---------- SOURCE MATERIAL ----------
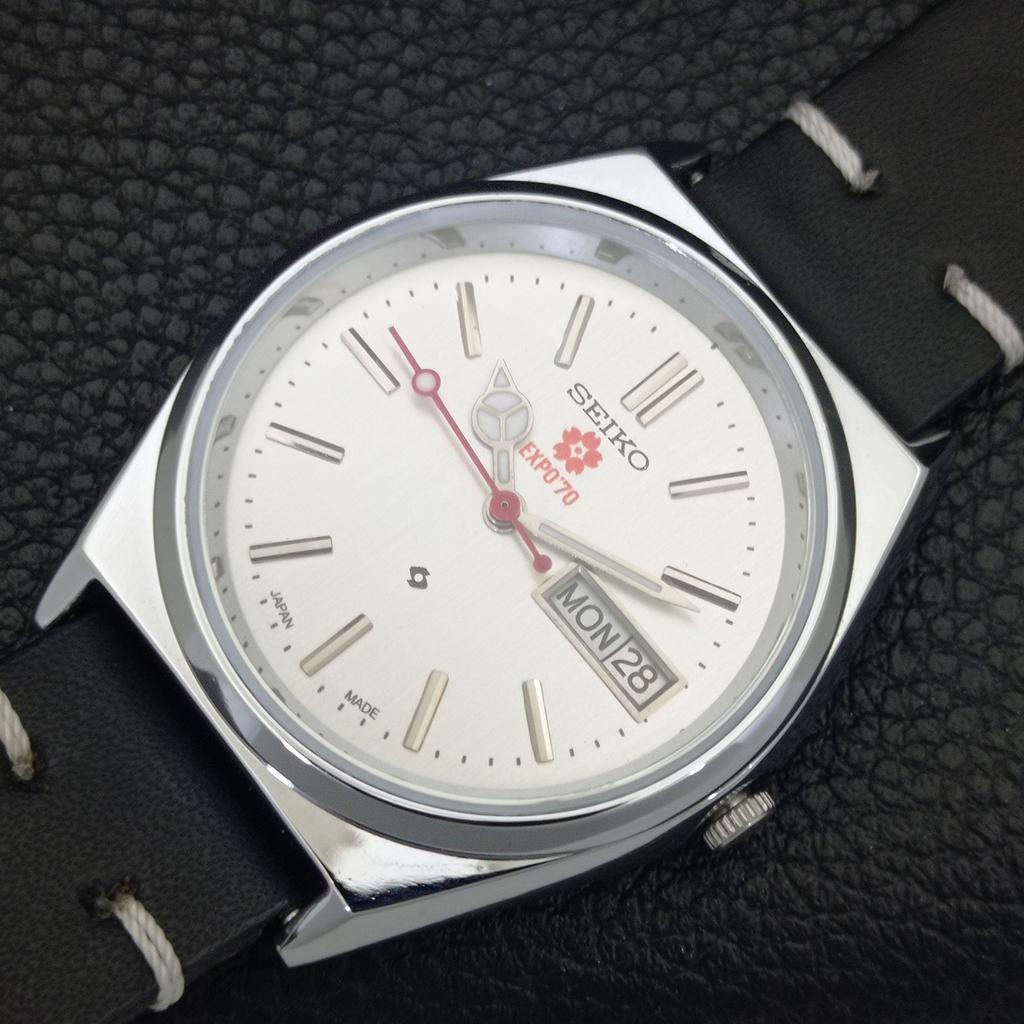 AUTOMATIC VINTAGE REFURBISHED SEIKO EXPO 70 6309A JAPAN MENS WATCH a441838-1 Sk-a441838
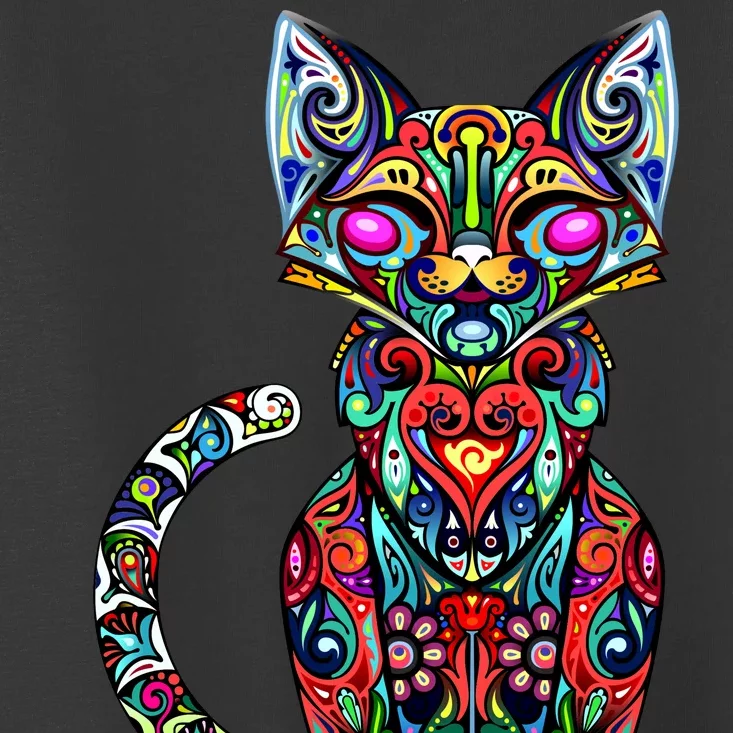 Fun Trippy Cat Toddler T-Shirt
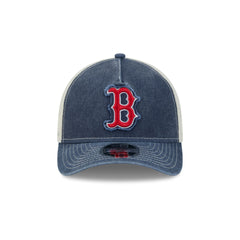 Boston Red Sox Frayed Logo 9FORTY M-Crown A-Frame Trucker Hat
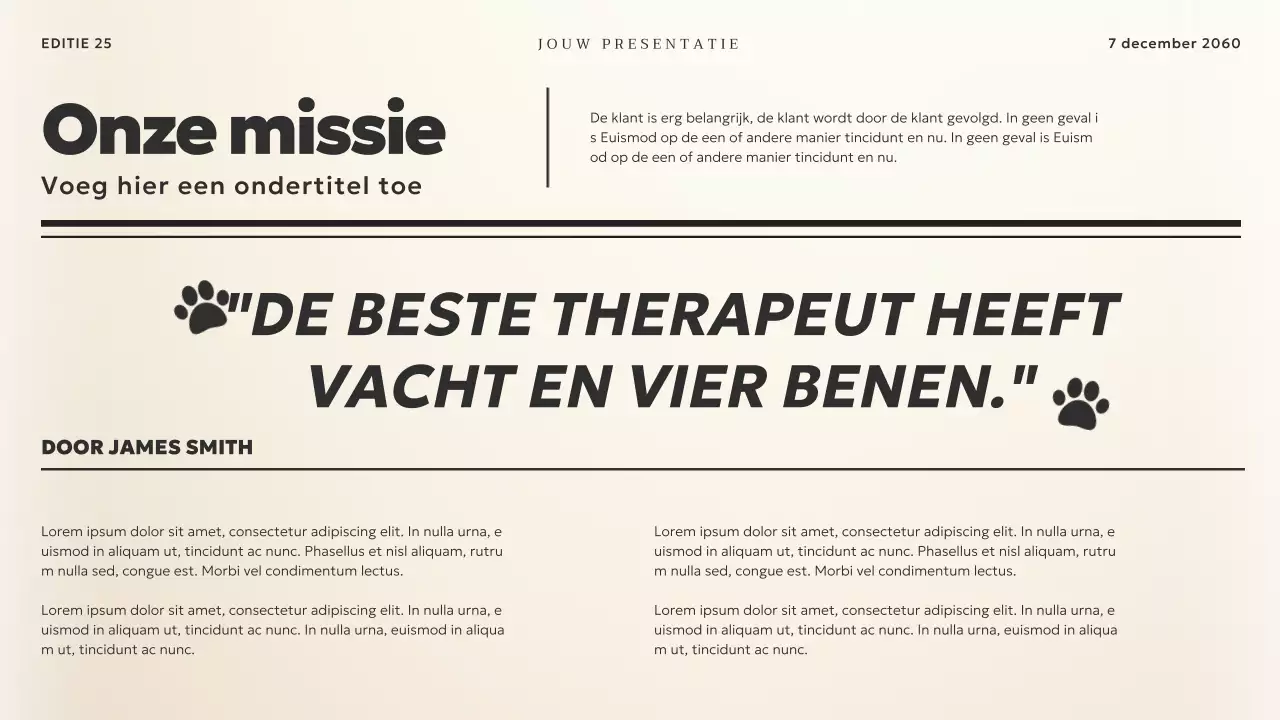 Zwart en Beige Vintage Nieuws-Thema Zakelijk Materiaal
----------
EXERCISE DESCRIPTION: Which lines run from the one containing "Fun Trippy Cat Toddler T-Shirt" to the end of the data above? Set down those lines exactly, and only those, without any pictures.

EXERCISE SOLUTION:
 Fun Trippy Cat Toddler T-Shirt
 Boston Red Sox Frayed Logo 9FORTY M-Crown A-Frame Trucker Hat
 Zwart en Beige Vintage Nieuws-Thema Zakelijk Materiaal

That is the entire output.